The goal of healing a chronic wound has led to a plethora of products used to control the local wound environment. Prior to adding any advanced product to a wound, the appropriate surgical or mechanical debridement must be utilized to remove any infected, hyperkeratotic, or necrotic tissue. Once the wound has been properly prepared, various specialized dressings, growth factors, collagen grafts, or skin substitutes can be added.[3] Sheehan et al[4] noted that, as a negative predictor of healing, if a wound does not close by about 50% in the first 4 weeks of treatment, there is less than a 10% chance that the wound will be closed after 12 weeks. Their research[4] also showed that if a wound closes by 50% in the first 4 weeks of treatment, it is likely to be completely closed by 12 weeks.
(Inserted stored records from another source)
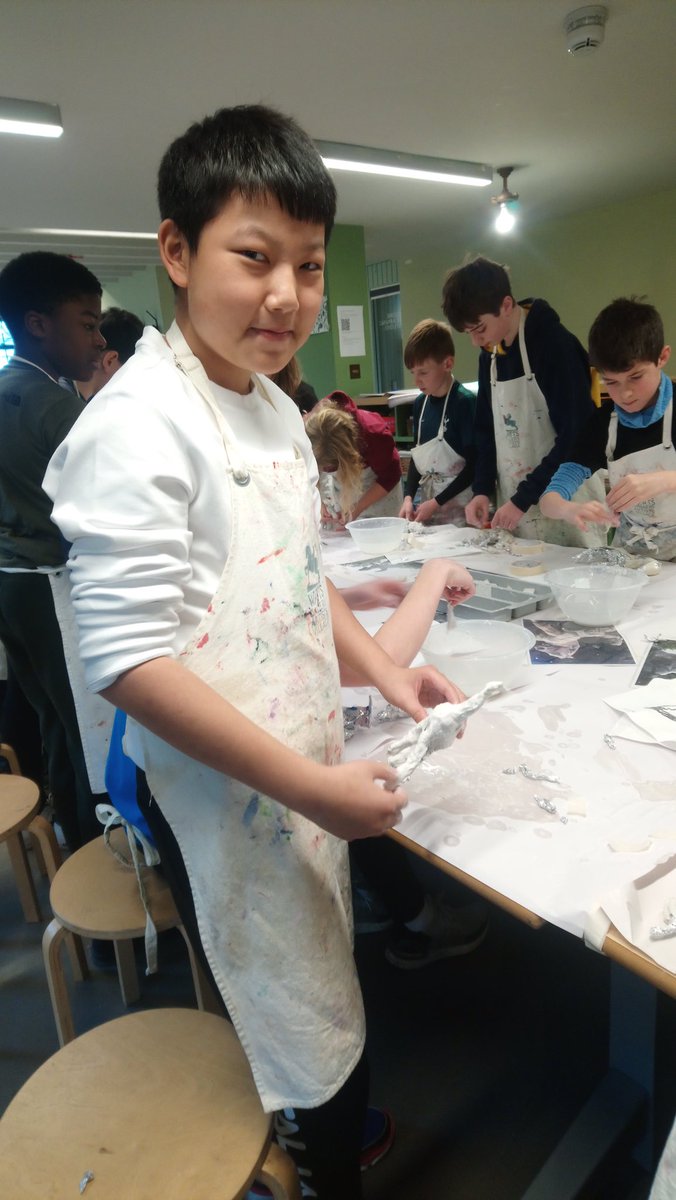 KESWvisualarts's tweet photo. We had a fantastic time with the 2nd Form @KESWQMH at the @WattsGallery last week. We learned a great deal about local artists George and Mary Watts, whilst also creating mini sculptures out of mod roc inspired by their work. #keswarttrip #keswinspire #sculpture @KESWitley https://t.co/KMmCRQZXY3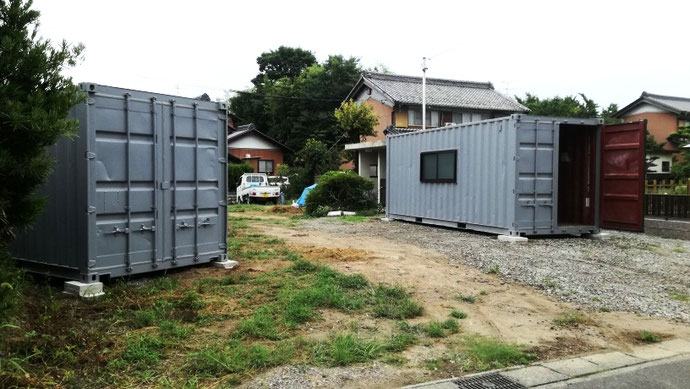岐阜県羽島市 中古コンテナ20ftグレー塗装・窓付納品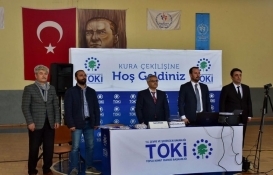 TOKİ Kemalpaşa alt gelir için kuralar çekildi!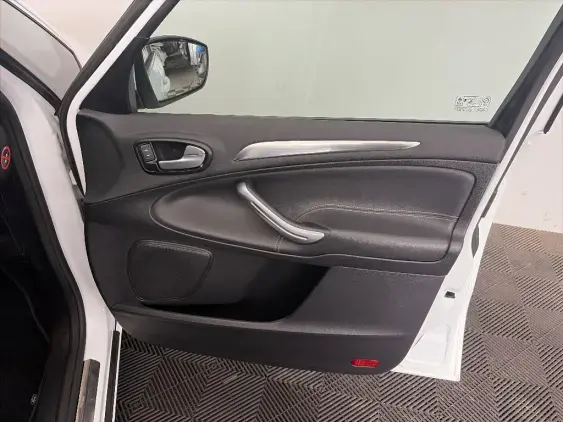 FORD S-MAX - voiture d'occasion - Photo 17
Therefore, in nonhealing wounds, it is imperative to identify and correct the factors preventing further wound healing and employ an engineered wound product.

Hyaluronic acid (HA; also called hyaluronan) is an anionic, non-sulfated glycosaminoglycan present in numerous tissues, including connective and epithelial tissues. It is a linear polymer of D-glucuronic acid and D-N-acetylglucosamine disaccharides, linked via alternating β-1,4 and β-1,3 glycosidic bonds. Hyaluronic acid is highly hygroscopic (ie, attracts and holds water from the surrounding environment) and absorbent. However, its native form is a gel, which is difficult to keep within a wound. Natural polymers of HA can range in size from 5000 to 20 million Dalton.[5] Hyaluronic acid is synthesized in the cellular plasma membrane by HA synthases. Several reservoirs of HA exist within the body, including one associated with the cell surface, one bound to other components of the ECM, and a largely mobile pool. In the ECM, HA plays an essential role in migration and proliferation of cells as well as in tissue hydrodynamics.[6] A number of cell receptors for HA have been identified, including CD44, receptor for HA-mediated motility (RHAMM) and intercellular adhesion molecule 1 (ICAM-1).[7] CD44 mediates cell interaction with HA, and their binding plays an important role in a number of physiologic events, such as cell aggregation, migration, proliferation, and activation.[8] In addition, ICAM-1 serves as a cell adhesion molecule, and the binding of HA to ICAM-1 contributes to the control of ICAM-1-mediated inflammatory activation.[9] The RHAMM plays a role in the generation and organization of granulation tissue.[10] The principal of dynamic reciprocity describes wound healing as a series of steps in which cells and the extracellular microenvironment continually interact. In many of these steps, HA plays a critical role, including hydration, anti-inflammation, and cellular migration.[11]